** Material for this task follows **

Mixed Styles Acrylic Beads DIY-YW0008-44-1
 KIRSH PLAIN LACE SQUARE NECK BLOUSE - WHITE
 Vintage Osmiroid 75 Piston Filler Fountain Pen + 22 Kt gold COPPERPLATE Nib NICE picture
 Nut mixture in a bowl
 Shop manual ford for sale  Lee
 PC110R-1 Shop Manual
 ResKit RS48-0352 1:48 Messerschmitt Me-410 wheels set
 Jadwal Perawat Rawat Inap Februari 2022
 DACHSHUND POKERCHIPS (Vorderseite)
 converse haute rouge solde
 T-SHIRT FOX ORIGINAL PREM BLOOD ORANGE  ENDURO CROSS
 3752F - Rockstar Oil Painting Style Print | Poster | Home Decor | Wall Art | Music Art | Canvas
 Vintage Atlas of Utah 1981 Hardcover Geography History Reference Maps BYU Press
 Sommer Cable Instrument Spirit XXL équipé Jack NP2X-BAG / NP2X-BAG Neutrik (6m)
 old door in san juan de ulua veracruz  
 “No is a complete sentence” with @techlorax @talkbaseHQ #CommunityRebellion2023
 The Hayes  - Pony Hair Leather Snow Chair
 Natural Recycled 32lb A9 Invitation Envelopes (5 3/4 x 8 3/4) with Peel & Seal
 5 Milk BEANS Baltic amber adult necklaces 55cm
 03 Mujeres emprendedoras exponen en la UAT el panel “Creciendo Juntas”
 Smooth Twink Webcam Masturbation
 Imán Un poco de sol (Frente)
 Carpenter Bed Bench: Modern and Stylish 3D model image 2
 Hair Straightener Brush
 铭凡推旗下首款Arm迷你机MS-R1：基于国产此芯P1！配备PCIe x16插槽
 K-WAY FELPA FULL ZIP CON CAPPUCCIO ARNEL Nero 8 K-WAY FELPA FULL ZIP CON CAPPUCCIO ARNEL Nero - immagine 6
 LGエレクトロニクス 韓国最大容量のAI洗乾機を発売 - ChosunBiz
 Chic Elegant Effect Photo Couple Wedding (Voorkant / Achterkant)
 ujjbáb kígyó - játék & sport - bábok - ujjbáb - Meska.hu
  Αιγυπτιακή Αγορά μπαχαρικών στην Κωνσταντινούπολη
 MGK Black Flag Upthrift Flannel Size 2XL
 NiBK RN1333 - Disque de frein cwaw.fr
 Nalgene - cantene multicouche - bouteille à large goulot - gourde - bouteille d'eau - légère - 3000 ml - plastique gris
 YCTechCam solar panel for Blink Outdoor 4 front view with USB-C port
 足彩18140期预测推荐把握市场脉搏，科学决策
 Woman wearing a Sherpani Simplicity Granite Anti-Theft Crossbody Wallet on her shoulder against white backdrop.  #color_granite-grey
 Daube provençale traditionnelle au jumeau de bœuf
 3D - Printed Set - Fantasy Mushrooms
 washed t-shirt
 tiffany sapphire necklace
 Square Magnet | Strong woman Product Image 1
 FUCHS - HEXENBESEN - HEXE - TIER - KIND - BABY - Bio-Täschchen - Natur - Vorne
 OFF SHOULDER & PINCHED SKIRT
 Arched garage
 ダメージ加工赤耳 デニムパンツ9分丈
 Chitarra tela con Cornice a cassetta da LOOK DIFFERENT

** End of Material for this task **

> _Exercise requirements_
Search the material for the word "Hair". Each line where it is found must be copied.

> _Result_
 The Hayes  - Pony Hair Leather Snow Chair
 Hair Straightener Brush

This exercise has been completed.